菅義偉首相(72)の素顔に迫ったドキュメンタリー映画「パンケーキを毒見する」(内山雄人監督、7月30日公開)特別内覧試写会が23日、都内で開かれた。製作陣は、菅氏に近い自民党議員達が結成した「ガネーシャの会」所属の若手議員や、同氏がかつて“影の市長”の異名を取った横浜市議会や神奈川県議会の議員らに取材を試みたが、全て拒否された。同氏が使用するホテルや番記者を連れていったことで話題となったパンケーキ店からも取材NGが相次ぐ中、徹底した取材を敢行した。

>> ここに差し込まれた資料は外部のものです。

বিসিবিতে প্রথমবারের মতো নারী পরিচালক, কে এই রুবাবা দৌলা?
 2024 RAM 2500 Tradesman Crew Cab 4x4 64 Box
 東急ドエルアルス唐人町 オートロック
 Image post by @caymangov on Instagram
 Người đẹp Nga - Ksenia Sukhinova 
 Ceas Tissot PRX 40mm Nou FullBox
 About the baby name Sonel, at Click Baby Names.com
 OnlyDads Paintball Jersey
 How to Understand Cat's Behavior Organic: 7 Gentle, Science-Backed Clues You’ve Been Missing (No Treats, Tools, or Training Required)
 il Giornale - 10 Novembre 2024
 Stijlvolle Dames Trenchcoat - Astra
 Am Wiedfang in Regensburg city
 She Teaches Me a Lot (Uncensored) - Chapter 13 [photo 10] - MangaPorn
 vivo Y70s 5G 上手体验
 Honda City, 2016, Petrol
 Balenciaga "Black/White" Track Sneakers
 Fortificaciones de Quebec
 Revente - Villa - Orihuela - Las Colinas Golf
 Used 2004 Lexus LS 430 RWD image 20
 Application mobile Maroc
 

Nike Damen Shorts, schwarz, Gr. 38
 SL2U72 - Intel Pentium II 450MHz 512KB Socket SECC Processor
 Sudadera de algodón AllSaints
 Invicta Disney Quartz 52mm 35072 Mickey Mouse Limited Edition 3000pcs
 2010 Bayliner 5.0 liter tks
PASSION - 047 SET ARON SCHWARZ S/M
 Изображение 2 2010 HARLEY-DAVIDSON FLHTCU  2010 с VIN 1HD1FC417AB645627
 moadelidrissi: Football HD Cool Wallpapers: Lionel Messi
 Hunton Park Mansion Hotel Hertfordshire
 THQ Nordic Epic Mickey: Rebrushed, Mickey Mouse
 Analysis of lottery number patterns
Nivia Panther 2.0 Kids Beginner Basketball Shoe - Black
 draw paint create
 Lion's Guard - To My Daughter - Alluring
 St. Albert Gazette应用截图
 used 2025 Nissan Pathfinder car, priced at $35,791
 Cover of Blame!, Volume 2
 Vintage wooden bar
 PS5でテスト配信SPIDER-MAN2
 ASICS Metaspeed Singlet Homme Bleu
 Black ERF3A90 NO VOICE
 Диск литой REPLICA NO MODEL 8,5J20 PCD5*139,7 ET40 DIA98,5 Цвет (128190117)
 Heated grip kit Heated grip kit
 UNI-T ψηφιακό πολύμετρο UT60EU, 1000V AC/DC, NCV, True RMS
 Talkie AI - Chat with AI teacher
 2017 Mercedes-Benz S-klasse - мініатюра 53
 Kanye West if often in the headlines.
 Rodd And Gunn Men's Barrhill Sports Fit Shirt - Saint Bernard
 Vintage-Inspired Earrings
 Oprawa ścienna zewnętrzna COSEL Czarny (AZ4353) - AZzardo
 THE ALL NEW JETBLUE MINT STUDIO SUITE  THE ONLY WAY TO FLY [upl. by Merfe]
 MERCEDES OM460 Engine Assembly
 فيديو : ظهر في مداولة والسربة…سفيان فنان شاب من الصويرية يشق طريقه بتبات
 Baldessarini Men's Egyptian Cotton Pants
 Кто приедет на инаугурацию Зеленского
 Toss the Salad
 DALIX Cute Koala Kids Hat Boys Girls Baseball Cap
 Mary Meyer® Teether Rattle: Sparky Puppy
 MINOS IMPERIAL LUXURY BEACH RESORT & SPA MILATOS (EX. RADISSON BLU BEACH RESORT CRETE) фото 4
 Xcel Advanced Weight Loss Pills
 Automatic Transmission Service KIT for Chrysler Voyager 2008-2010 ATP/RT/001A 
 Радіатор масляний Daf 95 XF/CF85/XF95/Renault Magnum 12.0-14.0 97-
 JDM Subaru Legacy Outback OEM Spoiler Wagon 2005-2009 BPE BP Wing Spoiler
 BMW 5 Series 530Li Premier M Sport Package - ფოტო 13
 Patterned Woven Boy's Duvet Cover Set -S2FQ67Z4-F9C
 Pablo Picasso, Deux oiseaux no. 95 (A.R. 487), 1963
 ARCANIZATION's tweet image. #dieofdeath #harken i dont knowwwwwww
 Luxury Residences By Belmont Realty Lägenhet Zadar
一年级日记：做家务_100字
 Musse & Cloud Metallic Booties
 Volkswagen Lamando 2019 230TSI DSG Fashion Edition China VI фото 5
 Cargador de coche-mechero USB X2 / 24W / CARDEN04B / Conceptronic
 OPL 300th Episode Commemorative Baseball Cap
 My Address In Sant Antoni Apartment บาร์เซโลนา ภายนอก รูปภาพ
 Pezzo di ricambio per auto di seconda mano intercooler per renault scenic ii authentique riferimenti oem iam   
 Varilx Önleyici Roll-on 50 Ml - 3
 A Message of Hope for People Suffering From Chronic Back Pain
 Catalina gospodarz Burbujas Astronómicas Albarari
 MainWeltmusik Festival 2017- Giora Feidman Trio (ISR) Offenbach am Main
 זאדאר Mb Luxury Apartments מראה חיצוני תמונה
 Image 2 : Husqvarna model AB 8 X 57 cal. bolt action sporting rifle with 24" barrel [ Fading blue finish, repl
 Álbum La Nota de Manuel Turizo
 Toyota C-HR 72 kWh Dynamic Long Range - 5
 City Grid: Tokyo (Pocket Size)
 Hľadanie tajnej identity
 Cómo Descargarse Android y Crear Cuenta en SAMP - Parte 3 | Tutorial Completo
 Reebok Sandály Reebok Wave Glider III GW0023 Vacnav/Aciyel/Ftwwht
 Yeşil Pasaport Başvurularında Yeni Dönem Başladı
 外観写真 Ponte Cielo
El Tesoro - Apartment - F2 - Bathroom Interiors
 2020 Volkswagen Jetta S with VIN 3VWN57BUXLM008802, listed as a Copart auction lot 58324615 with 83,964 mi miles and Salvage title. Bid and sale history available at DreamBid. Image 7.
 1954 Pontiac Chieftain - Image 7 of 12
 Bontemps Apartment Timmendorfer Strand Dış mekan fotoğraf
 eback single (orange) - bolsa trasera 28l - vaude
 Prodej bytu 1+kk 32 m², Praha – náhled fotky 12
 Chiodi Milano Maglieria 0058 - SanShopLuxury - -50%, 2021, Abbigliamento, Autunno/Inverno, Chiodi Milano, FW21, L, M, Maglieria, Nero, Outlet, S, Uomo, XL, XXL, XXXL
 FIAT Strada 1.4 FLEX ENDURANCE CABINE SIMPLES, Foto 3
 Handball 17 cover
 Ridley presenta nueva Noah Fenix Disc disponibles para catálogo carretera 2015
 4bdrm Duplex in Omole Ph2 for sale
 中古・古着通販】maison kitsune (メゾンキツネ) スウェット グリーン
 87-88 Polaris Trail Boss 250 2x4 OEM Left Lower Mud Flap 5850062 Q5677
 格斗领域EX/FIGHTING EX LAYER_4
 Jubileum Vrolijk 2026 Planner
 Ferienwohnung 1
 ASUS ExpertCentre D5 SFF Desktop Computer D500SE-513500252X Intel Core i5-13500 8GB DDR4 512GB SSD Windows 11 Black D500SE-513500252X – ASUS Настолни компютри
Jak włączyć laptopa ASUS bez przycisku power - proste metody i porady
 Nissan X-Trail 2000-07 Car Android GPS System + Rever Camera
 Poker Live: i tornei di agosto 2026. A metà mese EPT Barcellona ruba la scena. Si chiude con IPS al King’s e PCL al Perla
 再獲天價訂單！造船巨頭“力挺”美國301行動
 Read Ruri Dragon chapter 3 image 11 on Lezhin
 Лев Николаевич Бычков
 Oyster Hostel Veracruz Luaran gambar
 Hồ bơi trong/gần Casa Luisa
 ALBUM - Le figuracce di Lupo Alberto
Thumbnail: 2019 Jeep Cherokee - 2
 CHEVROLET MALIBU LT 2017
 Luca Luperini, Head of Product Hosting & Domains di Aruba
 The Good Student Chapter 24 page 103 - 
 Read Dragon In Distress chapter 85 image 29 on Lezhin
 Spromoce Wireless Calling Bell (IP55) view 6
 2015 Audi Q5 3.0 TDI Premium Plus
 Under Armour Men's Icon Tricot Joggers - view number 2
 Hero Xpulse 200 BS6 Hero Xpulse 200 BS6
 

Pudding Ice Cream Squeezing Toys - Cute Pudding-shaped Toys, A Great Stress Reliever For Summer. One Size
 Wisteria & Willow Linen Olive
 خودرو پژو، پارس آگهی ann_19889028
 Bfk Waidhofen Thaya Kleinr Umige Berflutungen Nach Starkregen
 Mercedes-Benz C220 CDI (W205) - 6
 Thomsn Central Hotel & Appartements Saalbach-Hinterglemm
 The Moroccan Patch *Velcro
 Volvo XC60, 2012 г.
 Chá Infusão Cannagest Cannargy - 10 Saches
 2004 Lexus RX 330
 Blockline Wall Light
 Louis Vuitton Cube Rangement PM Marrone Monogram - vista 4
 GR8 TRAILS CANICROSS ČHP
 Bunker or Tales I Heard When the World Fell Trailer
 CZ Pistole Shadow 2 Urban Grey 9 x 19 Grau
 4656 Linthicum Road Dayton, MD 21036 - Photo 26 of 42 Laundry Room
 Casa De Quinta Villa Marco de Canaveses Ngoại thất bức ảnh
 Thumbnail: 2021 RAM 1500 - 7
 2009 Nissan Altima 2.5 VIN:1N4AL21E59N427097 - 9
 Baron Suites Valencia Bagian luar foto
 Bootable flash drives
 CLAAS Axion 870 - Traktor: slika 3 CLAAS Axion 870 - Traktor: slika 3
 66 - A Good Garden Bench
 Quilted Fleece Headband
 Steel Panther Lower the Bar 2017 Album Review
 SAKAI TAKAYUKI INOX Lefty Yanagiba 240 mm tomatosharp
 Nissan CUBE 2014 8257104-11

そのほか、G7の中で日本が最低に落ち込んでいる項目が多いというデータや、企画から関わった元経済産業省官僚の古賀茂明氏(65)が、テレビ朝日系「報道ステーション」を降板に追い込まれた内幕も“暴露”。アニメなども絡め、現役政権トップを題材にした初の映画でありながら、エンターテインメントとしても楽しめる“政治バラエティー映画”となった。内山監督は「政治ドキュメンタリーとすると、見る人が限られる枠組みがある。笑える、面白いとなると、入り口になる。(見て)投票に行って欲しい。最近、風刺や社秋の“いじくり”がなくなってる。何としてでも復活させたい…庶民の笑いから力にならないか。笑いながら、そう、そうという気持ちがわき上がれば…」と製作意図を説明した。

河村光庸エグゼクティブプロデューサーは、映画「宮本から君へ」(真利子哲也監督)が助成金交付内定後に下された不交付決定の行政処分の取り消しを求めて、文化庁所管の独立行政法人「日本芸術文化振興会」(芸文振)を訴えた裁判で、21日に不幸不処分の取り消しを命じる判決を勝ち取り、勝訴したばかり。19年の映画「新聞記者」でも、若き女性新聞記者と内閣情報調査室の官僚が対峙(たいじ)し、葛藤する姿を通し、現在の日本の政権、政治と社会に疑問を投げかけた。

その上で「菅内閣が発足して、すぐに、いても立ってもいられず、この映画を作ろうと思った。タイトルは最初に決めた。映画の表現は自由であって然るべきなんですけども、長年、映画業界に忖度(そんたく)というか『新聞記者』で描いたような、同調圧力がまん延しておりまして。監督を何人か当たりましたが、5人くらい断られまして、長年の知り合いの内山君に頼んだ」と経緯を説明した。

公開日は、東京オリンピック期間中の7月30日を、あえて選んだ。河村氏は「どこかの政治勢力には一貫して与しない。民主主義国家の中で当たり前のことをやる、こういう映画が当たり前のように作っていかれないといけない。9月に多分、総選挙があるであろうと思う。ジャーナリズム、メディアの方が、ぜひとも、この映画に影響されて、選挙に対して、きっちり、どの政党、政治家を選ぶということじゃなくて、間違っているじゃないかと、態度をきっちり表明して頂きたい」と訴えた。

古賀氏は「タイトルが決まったらあたりから関わった。単なる菅政権批判じゃ面白くないし、客観的に見てもらいたかった。たくさんの人に見てもらいたいから、ロードショー館でやって欲しかった。中身は難しいけど、面白いものにする。ハードルは高い。こういう先生に話を聞いたら良いんじゃないの? とやってきた。難しいものに挑戦したけれど、楽しいものが出来た」と手応えを口にした。